Does the paper talk at all about like making that adjustable
or basically setting flags and something like I want to know.
know about this, I want to know about that, but like not other things, getting more of like a
sketchy view versus a detailed view, you know, versus having something like, you know, a fully
observable, you know, down to each, you know, running process view, you know, with dashboards, right?
Like, you can, there's many different levels of, of detail that you can get here.
And this, at least so far, I haven't read the paper, at least so far, has felt very sort of like,
you know, you've got to hit the right balance.
And this is the, you know, where we're trying to find how much is too much.
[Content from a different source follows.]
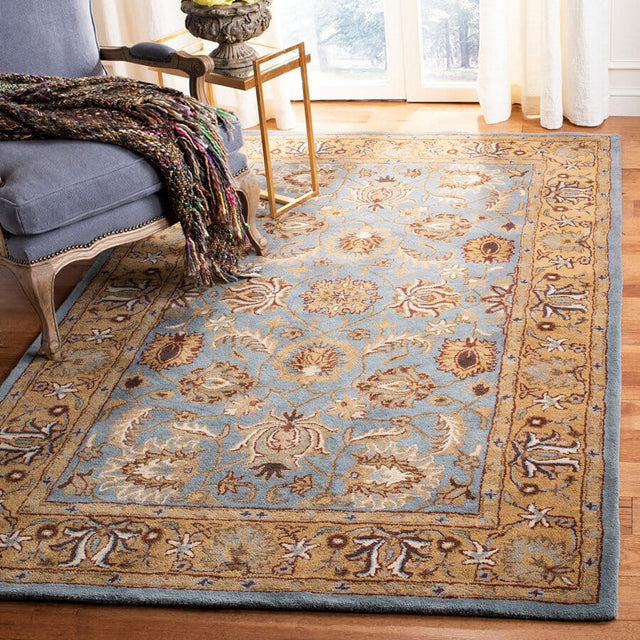 Safavieh Heritage hg958a Blue / Gold Rugs - Safavieh - hg958a - 2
and sometimes the user will need to know more or less.
Maybe it's this stuff, maybe it's the granularity up here.
Yeah, but is it exactly that?
I feel like...
I would like to point out that the format of the podcast
that you have invented, Ivan,
does not really correspond to the idea of the paper
from what I've seen that well,
because if you build a reactive system in code,
the reactive system already knows what it's going to be reacting to,
whereas I came into this podcast purely unknowing.
And I think it would be interesting
if you could build a software system
where the reactive components have no idea
or no understanding of what the system they're reacting to is.
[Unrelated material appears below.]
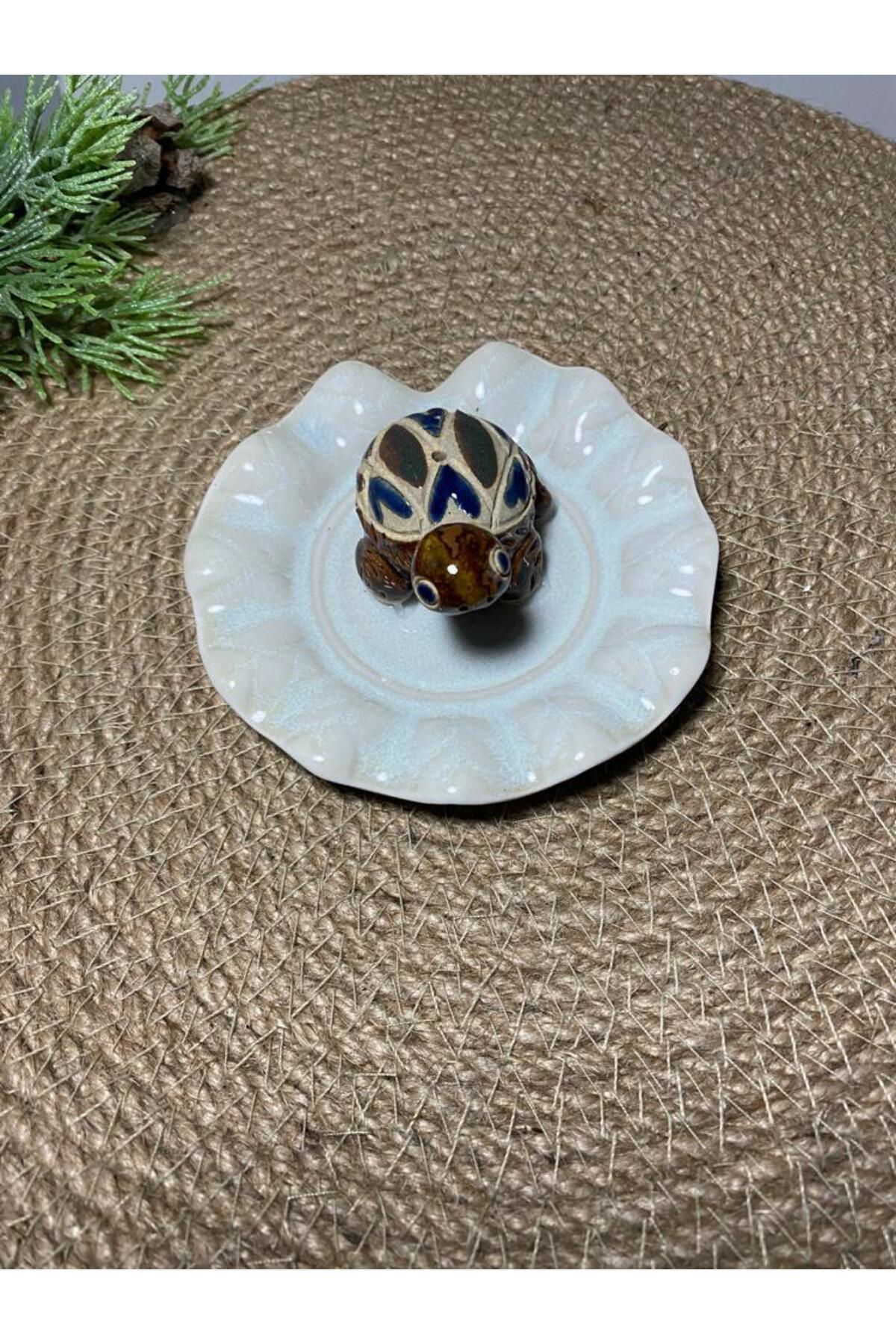 Elif Aksesuar Seramik Tütsülük Kaplumbağalı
But I am not a software component.
I am a human.
And so I have to build up the context
of what I'm reading before I can react.
Are you sure you're not a software component?
We're starting to make software components that are people.
Are we sure we're not making people
that our software...
That would be the...
Hello! Welcome to the feeling of computing podcast.
This is a recording.
Well, it's not a recording in the sense that it's pre-recorded.
We're recording right now.
Your role as surprised guest is to give Jimmy and I
feedback on the podcast as we record it.
You may do this at any time as much as you want.
Don't be shy.
Thank you.
And now back to the episode.
There's one other person who's just sitting there
with the joining dot dot, dot, dot, dot, dot.
So there's one in the chamber.
It's gonna, you know, might pop off at any moment.
So if you got a thought,
Keep it popcorn sized.
This would be way lamer if you had AI bots coming in interrupting us instead of actual human beings.
Jimmy, you should know me better than that.
I would never, ever, ever, ever do something like that.
Jimmy, you should know me better than that.
I would never, ever, ever do something like that.
Jimmy, you should know me better than that.
I would never, ever, ever do something like that.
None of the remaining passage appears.